BEGIN
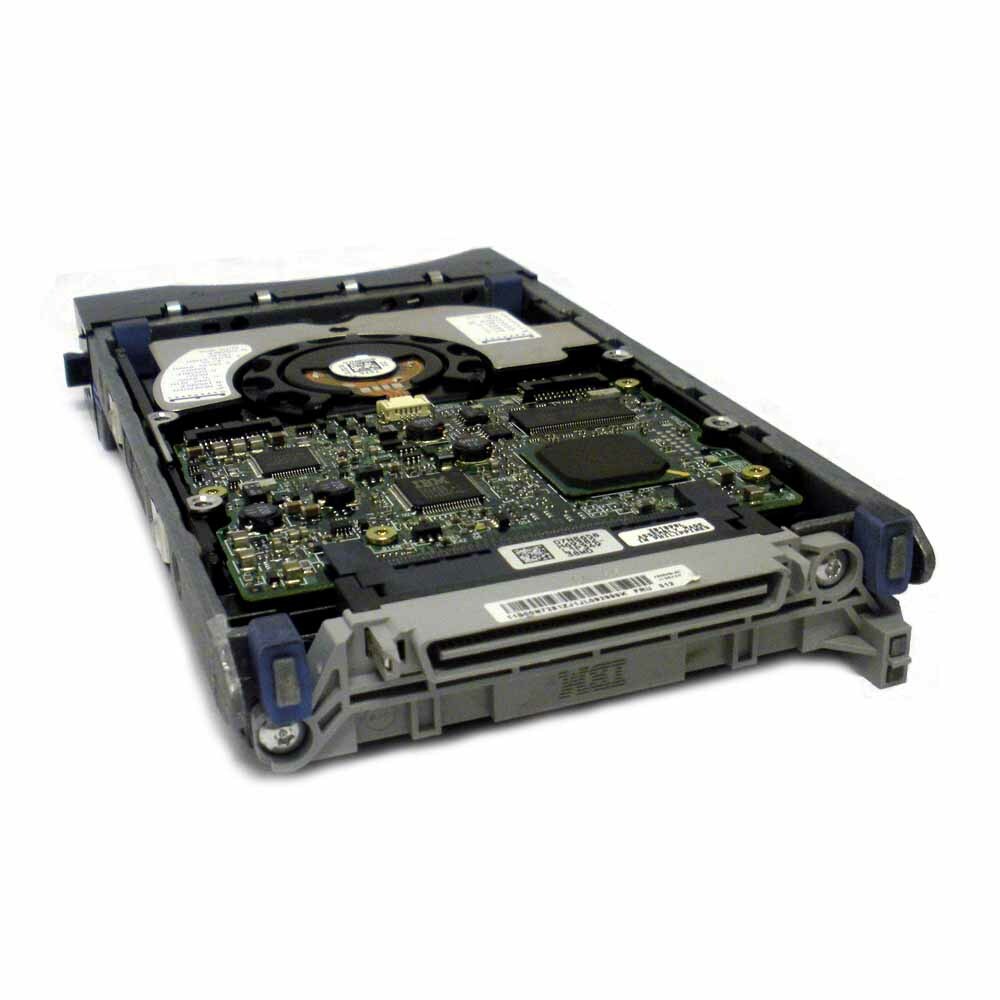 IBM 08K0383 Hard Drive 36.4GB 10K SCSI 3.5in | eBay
END
BEGIN
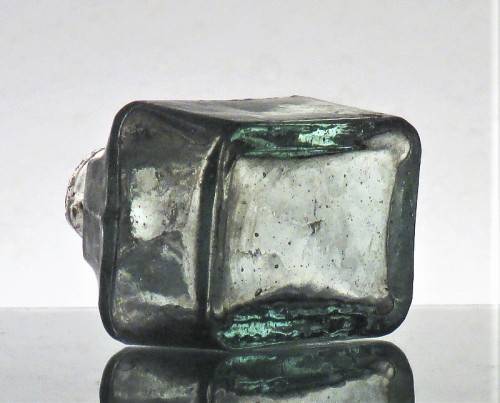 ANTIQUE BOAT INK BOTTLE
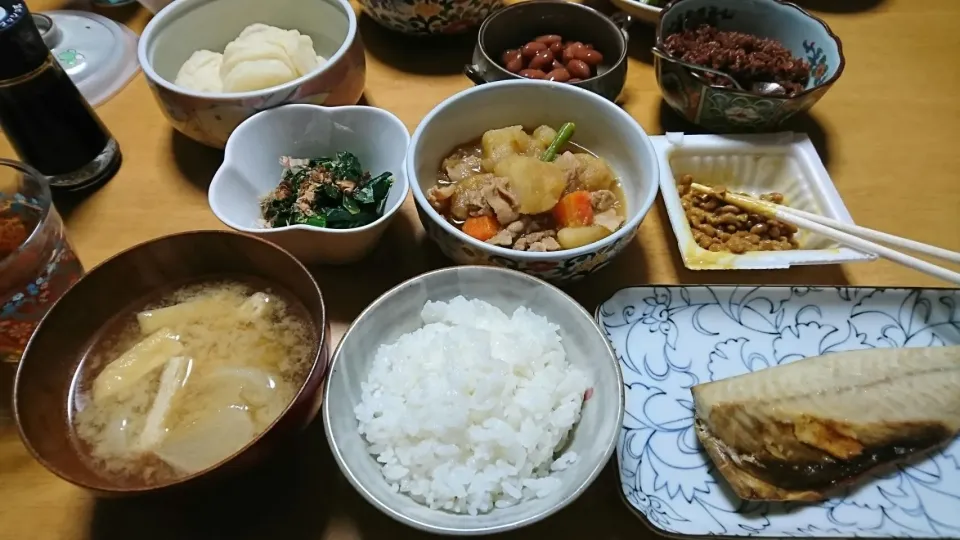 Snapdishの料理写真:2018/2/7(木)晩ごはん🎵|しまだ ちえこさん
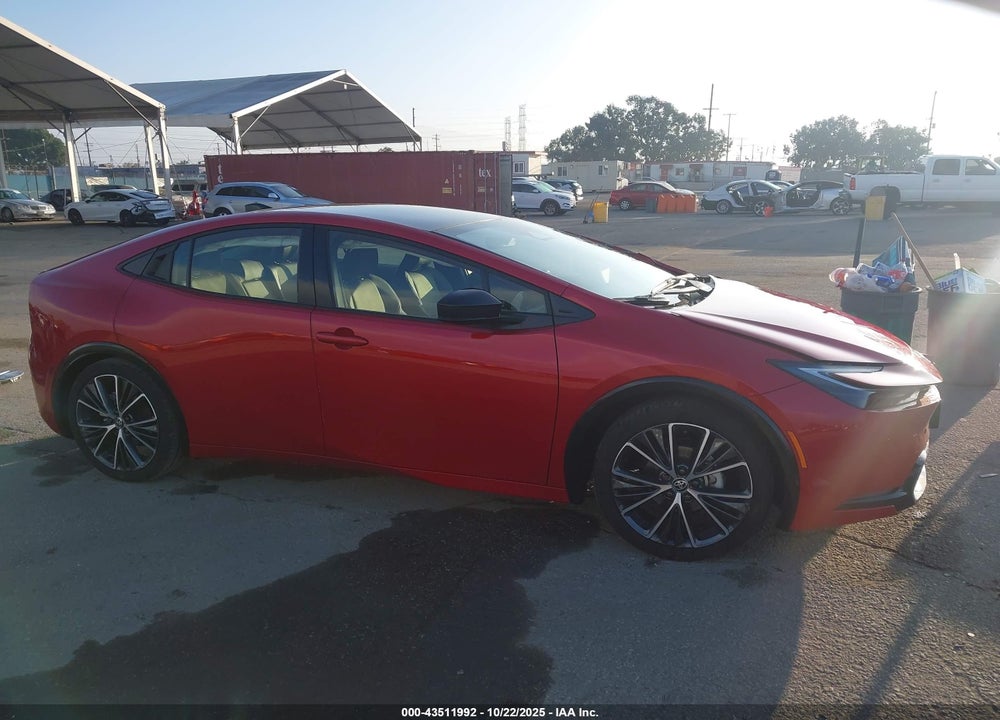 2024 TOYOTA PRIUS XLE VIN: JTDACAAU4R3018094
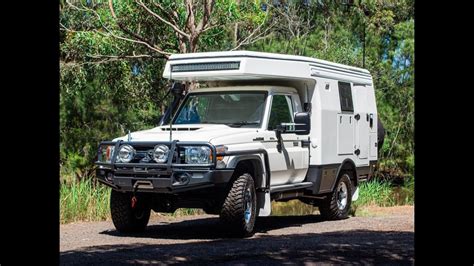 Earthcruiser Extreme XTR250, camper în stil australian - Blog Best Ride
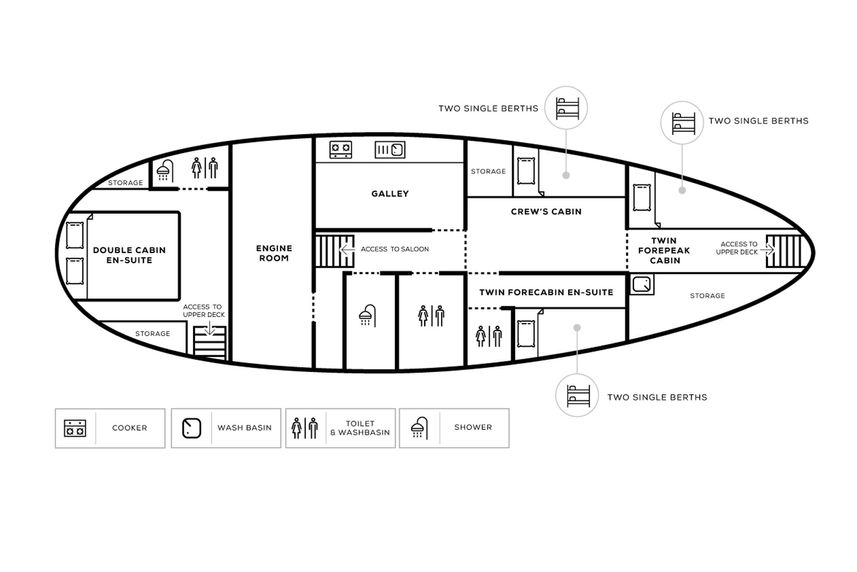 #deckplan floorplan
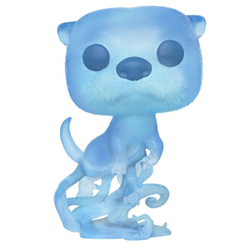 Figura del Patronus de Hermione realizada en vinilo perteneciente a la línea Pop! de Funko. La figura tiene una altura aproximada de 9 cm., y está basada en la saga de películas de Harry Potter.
END
BEGIN
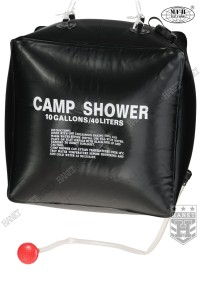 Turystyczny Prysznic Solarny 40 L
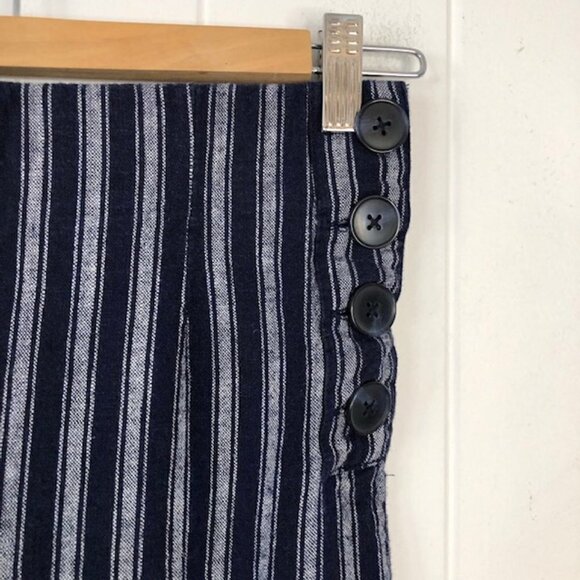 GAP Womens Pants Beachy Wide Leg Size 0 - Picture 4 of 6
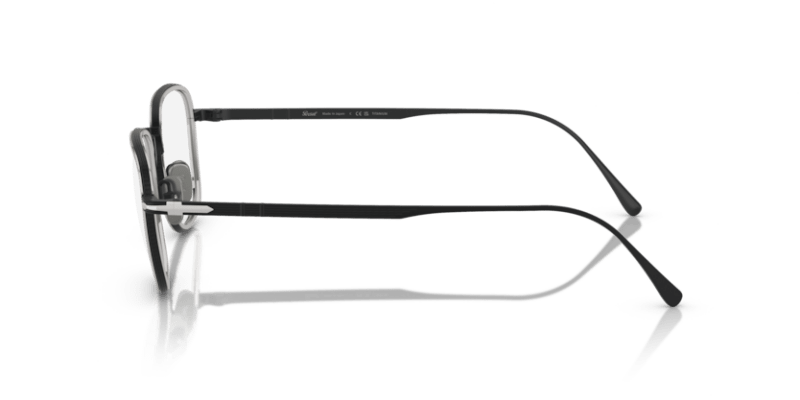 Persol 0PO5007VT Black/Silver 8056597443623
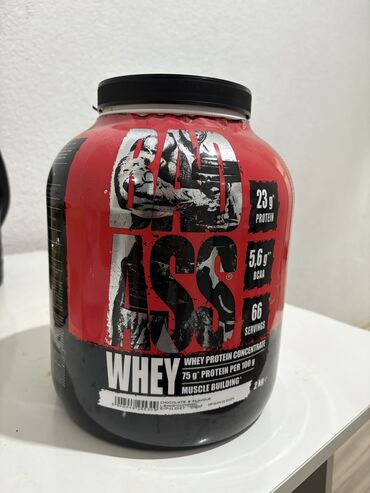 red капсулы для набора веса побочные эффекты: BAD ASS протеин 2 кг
END
The stretch to restate runs from the line above containing "Blog Best Ride" through the line containing "Figura del Patronus". Copy it word for word, ends included, without pictures.

RESULT FOR THIS TASK:
 Earthcruiser Extreme XTR250, camper în stil australian - Blog Best Ride
 #deckplan floorplan
 Figura del Patronus de Hermione realizada en vinilo perteneciente a la línea Pop! de Funko. La figura tiene una altura aproximada de 9 cm., y está basada en la saga de películas de Harry Potter.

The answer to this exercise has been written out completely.